Once a year I let rip!  For nearly two weeks I live out my fantasies to the full, only them I obey, only them I serve!

 

This year the set up looked better than ever: My neighbours have packed up their car and gone on holiday (so no one can spy on me). My children have been sent off on a two week summer camp ( so no responsibility). And my husband is away working very hard in some different country (so I am practically single again). There is the small issue of Peirene. But hey, no one is answering my e-mails anyway and if I get a reply it’s a holiday bouncer “I will be away from my desk all of July and August and won’t be checking my e-mails.” Well, ok then, I will just stop writing e-mails!

 

And NOW:  I am The Writer. And let me be even clearer: not any odd writer but a Novel Writer. We Germans have a particular Romantic idea about the novel writer. And that’s what I try to live up to during these two weeks. The Writer, who only lives for the words. I don’t cook, I don’t wash, I don’t even put the dishes in the dishwasher, I eat take-away pizzas. I’ve already come up with some spots but who cares, I am also not seeing or talking to anyone. I am all engrossed in deep thought and wonderful words.

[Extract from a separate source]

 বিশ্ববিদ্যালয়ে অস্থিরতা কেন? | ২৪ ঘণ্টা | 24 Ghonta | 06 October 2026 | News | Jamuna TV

Usually my writer-self gets three hours allocated in the morning. Before its children, afterwards it’s Peirene, then children, then household/husband/ friends/networking, then bed. Whenever I meet a writer, who only writes and thinks, I feel extremely jealous. And I ask questions like, so how many words do you write then? Only a 1000 in eight hours. I do that in two! Ha! And how many thoughts do you have, heh? And let me tell you, I’ve read the Bible, and Dante, all three parts! Yes, and the whole of Nietzsche. Jawohl!

 

So now I am a Writer 24/7. And have I produced 12 000 words? Of course not. I could explain, that I am actually right now not in word production mode, ie. writing a first draft, but rather at the revision stage, which by nature is not so word intensive. Still, nothing prevents me from engaging fully with the text all day long, does it? I stare a lot at the screen, that’s true. But I don’t really get on with it. Rather I am busy with anxiety attacks, lots of them throughout the day. I ask about my ability to write. I wonder if my story is any good. Am I a real writer? And what actually is a real writer?

I did however manage to get hold of one deep thought over the last couple of days: Perhaps the romantic idea of a lone writer 24/7 in the attic just doesn’t suit the multi-tasking geniuses that we women are. Perhaps we produce much better literature/art  when accepting that it is simply one of the things we do.